Explores the controversy around adoptions from Guatemala.

GOODBYE BABY: ADOPTIONS FROM GUATEMALA

“GOODBYE BABY provides layer upon layer of valuable information and insights. It offers a rare, penetrating glimpse into controversial adoption issues (in this case within  Guatemala). It examines a process that touches millions of lives and thoughtfully explores its complexities. This is an intimate and compelling film, and an important one. People within the community will need to see it; everyone interested in the complex, changing world of modern families will simply want to.”
Adam Pertman, Executive Director, Evan B. Donaldson Adoption Institute; Author of Adoption Nation
 
“A superb film documenting the many faces of international adoption in Guatemala. GOODBYE BABY paints a richly complex picture, managing to be simultaneously fair, illuminating and powerfully emotional.”
Elizabeth Bartholet, Professor of Law, Harvard Law School;
Author of Family Bonds: Adoption & the Politics of Parenting

Synopsis

The number of adoptions from Guatemala to the U.S. has risen dramatically in recent years and so has the controversy. What is seen as an act of love by adoptive parents is viewed with suspicion inside Guatemala. By examining the ramifications of money, private lawyers, media coverage and women’s rights on the adoption process, GOODBYE BABY illuminates the complexity of international adoption from the vantage point of those in a country sending the children. Informed by the filmmaker’s own adoptions and her long history of living and working in Guatemala, the video provides an insightful look into the dramatic and difficult world of intercountry adoption

Director's Statement

Deciding to adopt a child from Guatemala felt like a very natural decision given my long term connection with that country. (I first went there in 1977 and adopted my first child in 1998.) I knew there were many thousands of women unable to care adequately for their children due to extreme poverty, lack of government social services, gender inequalities and “machismo,” but I also knew there was tremendous controversy swirling around Guatemalan adoptions, with organizations like UNICEF leveling serious charges of child trafficking and baby buying. As I started to research in order to decide myself whether to move forward with adopting, I became more aware of the huge amount of disinformation, rumors, unfounded charges and outright lies surrounding the adoption debate.

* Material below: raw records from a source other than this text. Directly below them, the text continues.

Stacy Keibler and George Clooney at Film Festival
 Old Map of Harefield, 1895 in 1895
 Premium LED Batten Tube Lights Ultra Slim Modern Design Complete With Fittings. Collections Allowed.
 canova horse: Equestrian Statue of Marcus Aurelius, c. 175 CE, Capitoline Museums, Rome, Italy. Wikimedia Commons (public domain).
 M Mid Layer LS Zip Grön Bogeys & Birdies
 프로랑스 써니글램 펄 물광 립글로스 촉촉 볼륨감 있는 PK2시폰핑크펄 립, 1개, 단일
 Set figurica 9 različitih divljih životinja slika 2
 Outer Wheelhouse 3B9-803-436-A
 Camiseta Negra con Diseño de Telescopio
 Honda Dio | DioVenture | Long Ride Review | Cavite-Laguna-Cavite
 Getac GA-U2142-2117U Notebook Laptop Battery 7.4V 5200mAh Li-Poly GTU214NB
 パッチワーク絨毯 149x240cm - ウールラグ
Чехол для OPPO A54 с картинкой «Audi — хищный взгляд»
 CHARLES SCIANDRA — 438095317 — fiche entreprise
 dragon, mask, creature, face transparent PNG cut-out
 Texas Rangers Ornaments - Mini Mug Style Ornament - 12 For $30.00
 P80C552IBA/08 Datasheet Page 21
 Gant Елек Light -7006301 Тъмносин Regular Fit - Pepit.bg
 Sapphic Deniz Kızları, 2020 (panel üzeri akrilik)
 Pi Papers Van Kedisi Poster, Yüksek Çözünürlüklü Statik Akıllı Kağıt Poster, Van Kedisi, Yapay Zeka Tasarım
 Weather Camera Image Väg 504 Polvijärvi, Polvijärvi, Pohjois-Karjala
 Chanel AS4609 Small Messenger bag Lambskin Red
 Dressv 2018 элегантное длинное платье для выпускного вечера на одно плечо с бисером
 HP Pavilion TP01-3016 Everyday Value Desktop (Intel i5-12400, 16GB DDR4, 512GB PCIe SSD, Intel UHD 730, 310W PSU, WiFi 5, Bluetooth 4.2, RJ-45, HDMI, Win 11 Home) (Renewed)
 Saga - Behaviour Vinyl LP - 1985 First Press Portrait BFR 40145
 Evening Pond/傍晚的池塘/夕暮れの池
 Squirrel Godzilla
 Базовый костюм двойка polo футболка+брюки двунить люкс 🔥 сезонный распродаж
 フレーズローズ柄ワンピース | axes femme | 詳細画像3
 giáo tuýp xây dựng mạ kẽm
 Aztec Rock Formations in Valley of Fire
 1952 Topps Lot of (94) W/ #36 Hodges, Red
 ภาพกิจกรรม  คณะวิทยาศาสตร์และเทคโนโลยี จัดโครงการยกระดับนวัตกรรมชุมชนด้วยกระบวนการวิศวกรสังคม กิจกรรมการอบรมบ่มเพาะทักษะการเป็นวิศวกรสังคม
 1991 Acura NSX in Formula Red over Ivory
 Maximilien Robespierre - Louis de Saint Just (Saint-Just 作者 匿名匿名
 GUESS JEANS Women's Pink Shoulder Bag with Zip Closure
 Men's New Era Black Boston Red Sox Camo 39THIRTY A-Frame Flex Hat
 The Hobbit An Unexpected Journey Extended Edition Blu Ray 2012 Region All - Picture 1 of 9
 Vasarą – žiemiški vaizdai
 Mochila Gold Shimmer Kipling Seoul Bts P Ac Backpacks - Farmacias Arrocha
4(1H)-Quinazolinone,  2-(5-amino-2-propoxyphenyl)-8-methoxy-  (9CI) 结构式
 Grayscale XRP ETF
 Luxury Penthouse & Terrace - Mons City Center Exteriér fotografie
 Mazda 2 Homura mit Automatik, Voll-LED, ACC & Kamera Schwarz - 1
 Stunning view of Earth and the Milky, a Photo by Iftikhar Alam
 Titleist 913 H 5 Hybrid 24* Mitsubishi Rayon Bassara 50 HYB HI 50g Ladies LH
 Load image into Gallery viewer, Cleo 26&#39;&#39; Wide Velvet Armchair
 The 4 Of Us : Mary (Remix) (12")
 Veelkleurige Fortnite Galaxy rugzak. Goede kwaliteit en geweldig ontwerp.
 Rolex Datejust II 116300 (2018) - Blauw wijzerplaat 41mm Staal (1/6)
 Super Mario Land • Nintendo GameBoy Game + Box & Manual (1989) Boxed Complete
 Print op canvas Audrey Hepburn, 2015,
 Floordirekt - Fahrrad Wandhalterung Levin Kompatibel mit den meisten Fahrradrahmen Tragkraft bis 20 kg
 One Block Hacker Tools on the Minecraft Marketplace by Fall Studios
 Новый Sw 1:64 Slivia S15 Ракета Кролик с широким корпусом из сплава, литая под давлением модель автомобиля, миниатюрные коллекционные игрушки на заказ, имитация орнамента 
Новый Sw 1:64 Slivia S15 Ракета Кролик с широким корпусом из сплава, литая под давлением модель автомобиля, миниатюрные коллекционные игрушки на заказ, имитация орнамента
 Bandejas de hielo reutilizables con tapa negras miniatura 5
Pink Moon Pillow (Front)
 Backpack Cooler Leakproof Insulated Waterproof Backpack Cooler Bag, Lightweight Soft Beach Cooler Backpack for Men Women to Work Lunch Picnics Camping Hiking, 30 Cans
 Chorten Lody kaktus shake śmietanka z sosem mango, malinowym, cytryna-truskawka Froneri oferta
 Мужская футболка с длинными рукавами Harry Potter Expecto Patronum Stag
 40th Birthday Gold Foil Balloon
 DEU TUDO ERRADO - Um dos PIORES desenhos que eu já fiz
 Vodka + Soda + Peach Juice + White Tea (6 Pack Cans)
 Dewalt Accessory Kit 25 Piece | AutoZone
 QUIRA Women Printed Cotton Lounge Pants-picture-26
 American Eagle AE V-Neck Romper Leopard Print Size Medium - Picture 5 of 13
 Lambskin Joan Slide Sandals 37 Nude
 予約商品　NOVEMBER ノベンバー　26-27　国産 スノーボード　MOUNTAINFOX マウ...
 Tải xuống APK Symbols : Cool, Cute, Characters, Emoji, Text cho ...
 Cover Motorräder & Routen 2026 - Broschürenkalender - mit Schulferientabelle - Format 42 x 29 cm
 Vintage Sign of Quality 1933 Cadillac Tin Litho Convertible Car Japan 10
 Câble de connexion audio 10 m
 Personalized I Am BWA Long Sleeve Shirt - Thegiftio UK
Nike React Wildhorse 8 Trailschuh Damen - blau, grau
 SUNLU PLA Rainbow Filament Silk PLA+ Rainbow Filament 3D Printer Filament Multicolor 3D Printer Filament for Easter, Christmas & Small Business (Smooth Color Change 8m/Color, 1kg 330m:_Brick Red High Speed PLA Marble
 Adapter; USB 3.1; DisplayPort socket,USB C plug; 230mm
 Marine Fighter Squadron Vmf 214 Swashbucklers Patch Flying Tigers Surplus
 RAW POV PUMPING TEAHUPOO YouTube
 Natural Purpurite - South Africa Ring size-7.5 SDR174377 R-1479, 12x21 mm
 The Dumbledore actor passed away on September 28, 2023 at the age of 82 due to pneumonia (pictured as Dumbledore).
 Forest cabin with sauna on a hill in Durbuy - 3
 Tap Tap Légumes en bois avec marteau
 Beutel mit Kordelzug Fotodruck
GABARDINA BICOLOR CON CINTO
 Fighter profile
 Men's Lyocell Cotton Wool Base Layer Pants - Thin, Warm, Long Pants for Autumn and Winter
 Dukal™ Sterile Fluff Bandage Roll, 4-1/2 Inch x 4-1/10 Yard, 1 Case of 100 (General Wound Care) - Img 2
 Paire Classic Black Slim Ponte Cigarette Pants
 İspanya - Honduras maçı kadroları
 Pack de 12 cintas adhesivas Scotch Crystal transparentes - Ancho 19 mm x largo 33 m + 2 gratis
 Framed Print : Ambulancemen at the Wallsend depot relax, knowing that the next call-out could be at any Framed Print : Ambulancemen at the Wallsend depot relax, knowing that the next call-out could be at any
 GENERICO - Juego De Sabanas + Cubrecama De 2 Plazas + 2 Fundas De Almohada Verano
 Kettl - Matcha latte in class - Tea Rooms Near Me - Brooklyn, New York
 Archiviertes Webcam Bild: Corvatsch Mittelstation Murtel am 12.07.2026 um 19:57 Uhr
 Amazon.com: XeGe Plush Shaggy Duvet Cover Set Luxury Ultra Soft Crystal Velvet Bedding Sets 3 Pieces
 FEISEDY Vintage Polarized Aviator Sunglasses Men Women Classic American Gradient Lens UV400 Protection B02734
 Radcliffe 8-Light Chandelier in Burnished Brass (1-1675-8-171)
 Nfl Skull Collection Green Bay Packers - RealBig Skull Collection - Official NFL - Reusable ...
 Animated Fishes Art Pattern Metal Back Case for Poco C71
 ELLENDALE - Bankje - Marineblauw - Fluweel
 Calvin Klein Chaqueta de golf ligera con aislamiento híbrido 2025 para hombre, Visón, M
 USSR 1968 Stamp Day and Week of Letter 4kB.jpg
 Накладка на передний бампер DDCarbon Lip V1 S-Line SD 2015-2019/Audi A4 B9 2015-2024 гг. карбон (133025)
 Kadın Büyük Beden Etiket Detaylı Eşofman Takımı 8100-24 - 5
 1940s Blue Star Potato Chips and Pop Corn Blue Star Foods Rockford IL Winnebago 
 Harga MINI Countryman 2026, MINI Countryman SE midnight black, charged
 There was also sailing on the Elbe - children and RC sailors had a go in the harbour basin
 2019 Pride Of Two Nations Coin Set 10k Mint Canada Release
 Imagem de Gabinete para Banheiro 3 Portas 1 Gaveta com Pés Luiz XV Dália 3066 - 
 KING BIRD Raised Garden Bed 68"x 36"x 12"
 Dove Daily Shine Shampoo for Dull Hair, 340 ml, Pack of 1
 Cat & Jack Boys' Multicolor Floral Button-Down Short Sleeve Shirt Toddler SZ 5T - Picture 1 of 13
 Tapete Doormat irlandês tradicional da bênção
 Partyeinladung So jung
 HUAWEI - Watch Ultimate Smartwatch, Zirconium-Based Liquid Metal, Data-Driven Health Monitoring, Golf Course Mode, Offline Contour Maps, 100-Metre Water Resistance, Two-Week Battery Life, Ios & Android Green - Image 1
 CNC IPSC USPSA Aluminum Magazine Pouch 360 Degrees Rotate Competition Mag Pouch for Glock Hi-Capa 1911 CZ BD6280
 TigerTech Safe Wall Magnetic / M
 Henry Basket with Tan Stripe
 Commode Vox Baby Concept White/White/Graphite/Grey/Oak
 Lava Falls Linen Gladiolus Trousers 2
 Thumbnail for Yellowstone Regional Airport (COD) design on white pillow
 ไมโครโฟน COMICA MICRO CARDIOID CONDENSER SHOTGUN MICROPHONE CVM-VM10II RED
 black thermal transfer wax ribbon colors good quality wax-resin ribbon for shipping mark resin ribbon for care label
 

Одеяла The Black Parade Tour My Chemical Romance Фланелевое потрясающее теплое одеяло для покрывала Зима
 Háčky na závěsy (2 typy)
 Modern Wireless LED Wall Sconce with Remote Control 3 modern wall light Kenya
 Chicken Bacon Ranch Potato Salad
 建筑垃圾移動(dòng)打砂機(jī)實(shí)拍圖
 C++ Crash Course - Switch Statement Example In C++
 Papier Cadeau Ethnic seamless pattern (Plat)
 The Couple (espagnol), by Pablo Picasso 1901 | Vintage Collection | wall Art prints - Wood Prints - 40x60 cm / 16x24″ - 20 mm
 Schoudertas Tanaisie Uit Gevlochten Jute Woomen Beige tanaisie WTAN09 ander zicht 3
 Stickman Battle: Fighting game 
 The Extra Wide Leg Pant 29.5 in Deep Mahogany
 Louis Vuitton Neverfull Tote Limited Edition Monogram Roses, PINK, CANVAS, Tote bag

Goodbye Baby is my attempt to place the adoption phenomenon within a socio-political, economic and cultural context. While I could not hope to make a documentary that remained up to date with changes in the adoption process and laws, I did want to offer viewers a chance to go deeper into some of the issues and appreciate the overwhelming complexity of locating children needing families from one country and placing them with people wanting to parent from another country.